Nous avons mentionné à plusieurs reprises la question de la tranquillité des sociotopes et de leur protection contre les bruits urbains, en particulier ceux du trafic routier ; et on sait que certaines collectivités s’efforcent aujourd’hui d’identifier et de préserver des « zones de calme ». Le sujet va toutefois bien au-delà de l’absence de bruit, car les valeurs attachées aux sociotopes doivent aussi beaucoup à des ambiances sonores spécifiques. Le bruit d’une chute d’eau, celui du vent dans les feuillages, les chants des oiseaux, les rires d’enfants qui jouent créent des ambiances souvent plus attrayantes que le silence.
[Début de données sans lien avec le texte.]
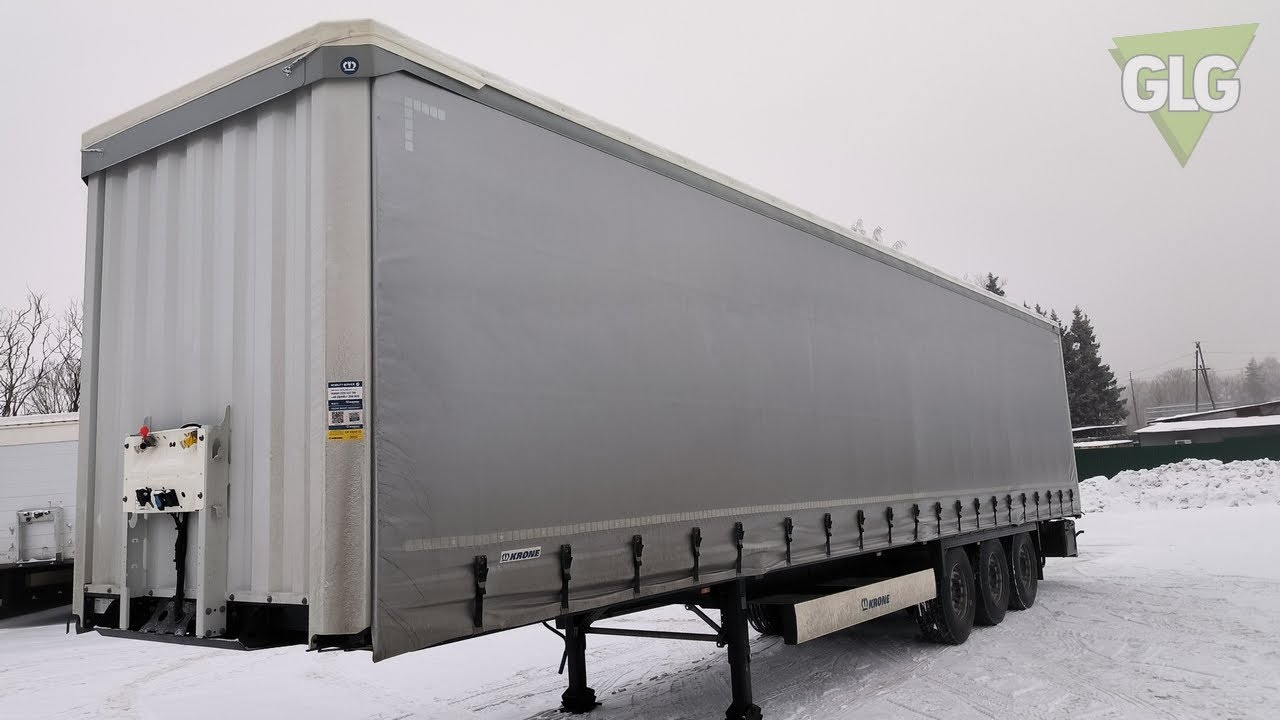Шторный полуприцеп Krone SD 2023 г.в.
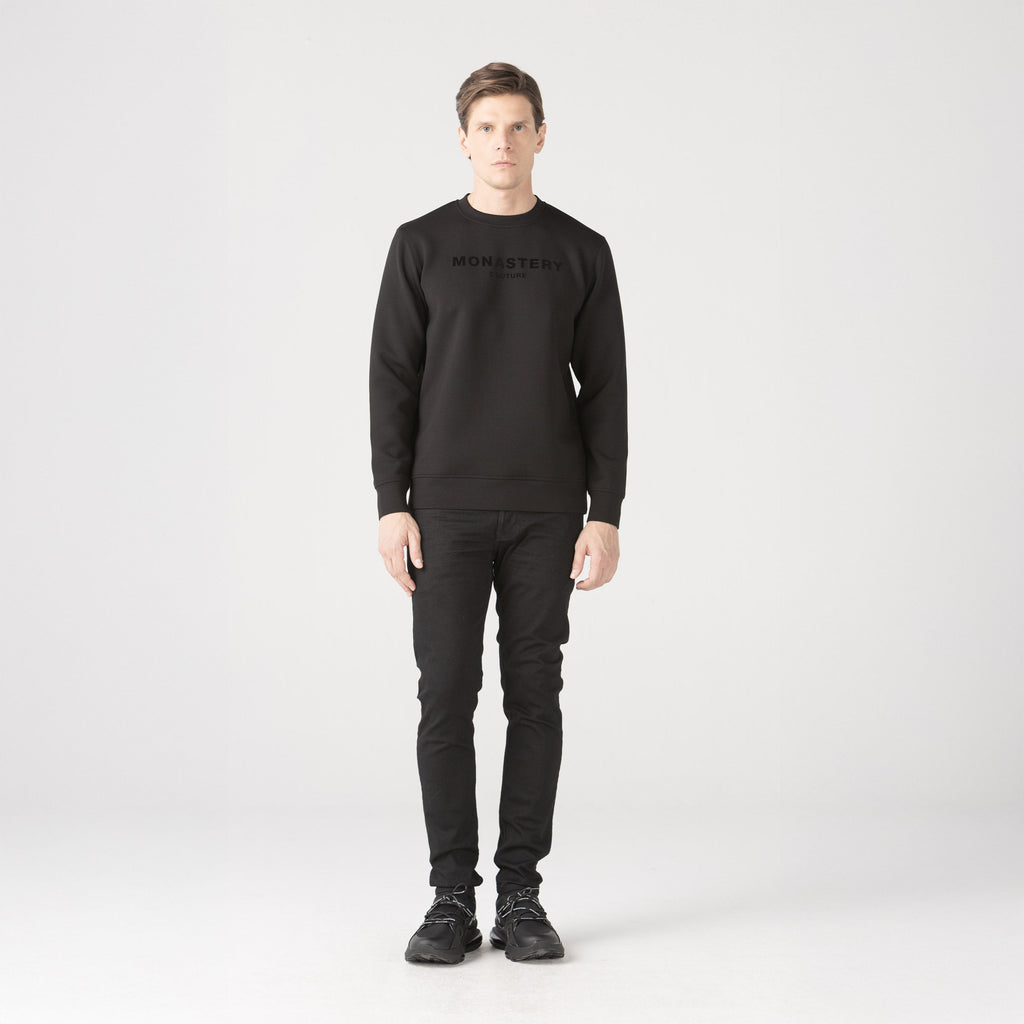 SELIM SWEATSHIRT MEN BLACK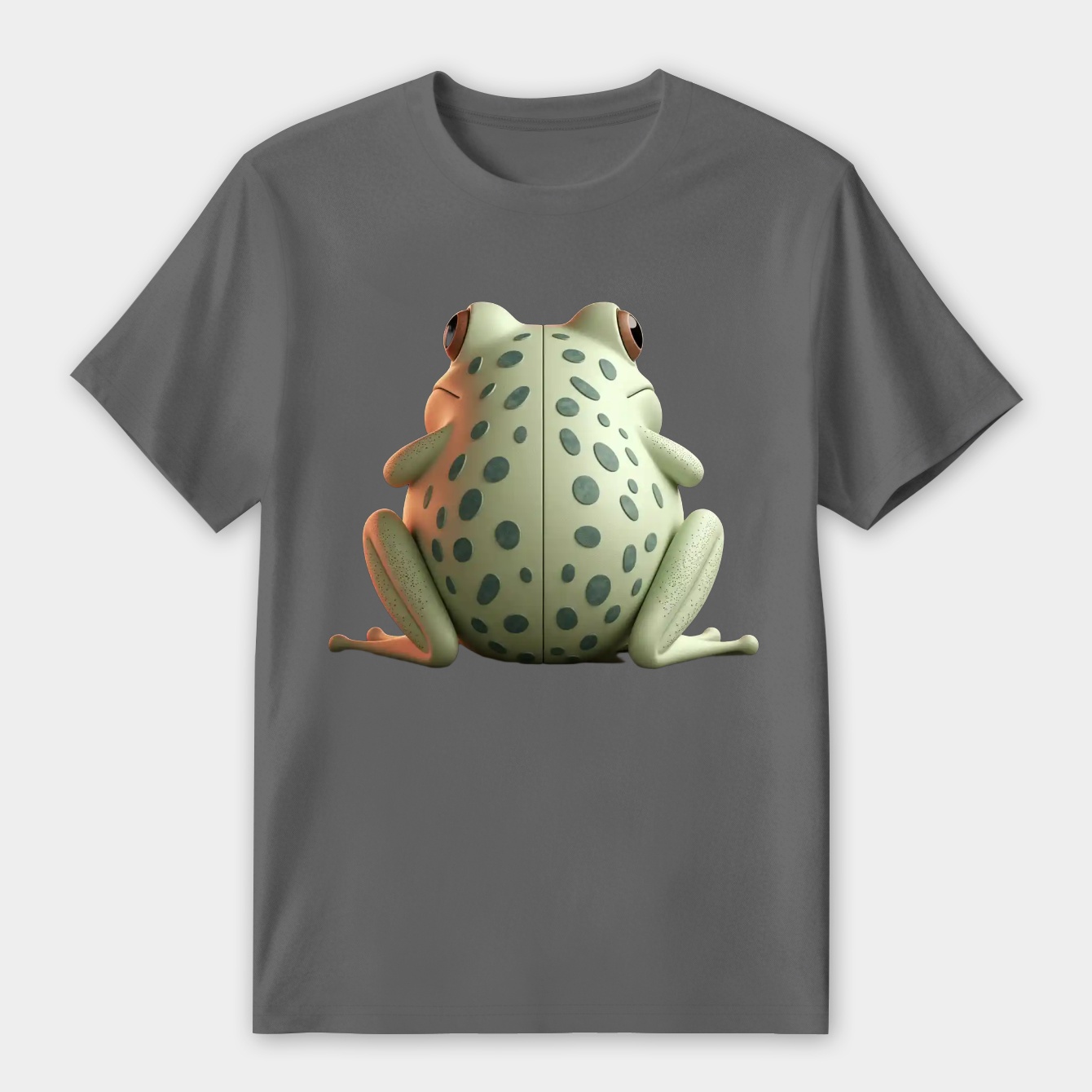 Frog Butt Women's Premium Soft T-Shirt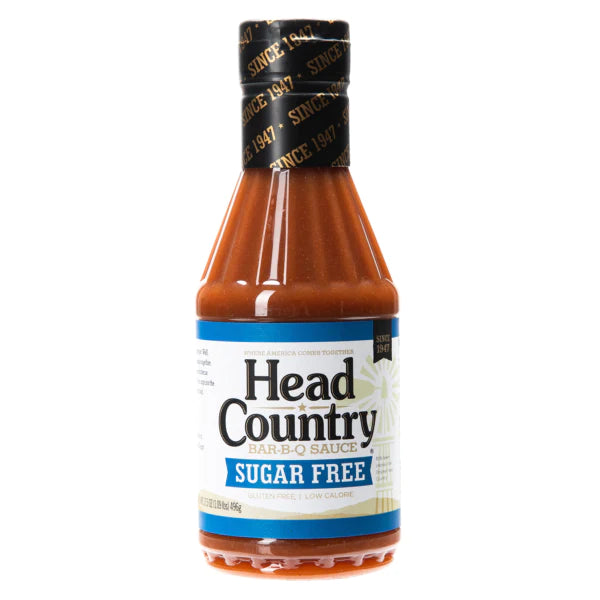 HEAD COUNTRY SUGAR FREE ORIGINAL BAR-B-QUE SAUCE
« Le Monde » des 31 mars et 1er avril 2013 a consacré une pleine page aux bruits de la nature, et notamment à un entretien avec le musicien américain Bernie Krause, auteur d’un livre intitulé « Le Grand Orchestre animal » récemment publié chez Flammarion. Ce texte nous propulse dans le domaine méconnu de « l’écologie des paysages sonores » (« soundscape ecology« ), qui ouvre des perspectives nouvelles pour l’analyse des changements écologiques et des modes de vie. Il en ressort une tendance générale à l’appauvrissement de la qualité des paysages sonores naturels, dû non seulement à l’érosion de la diversité faunistique, mais aussi à l’envahissement de l’espace sonore par les bruits de moteurs. Bernie Krause apporte son témoignage personnel : « Il y a près de cinquante ans, mes parents et moi nous avaient emmenés en vacances dans le parc national de Yellowstone, près d’une large vallée couverte de neige, à l’abri de tout parasitage humain. Le calme était ponctué par les vocalisations des corbeaux, des geais, des pies, des alouettes hausse-col et des élans. Je me souviens encore du murmure des ruisseaux et de la brise légère qui soufflait dans la cime des conifères. Je suis retourné au même endroit en 2002. La magie avait disparu, anéantie sous le bruit de moteur et le smog ».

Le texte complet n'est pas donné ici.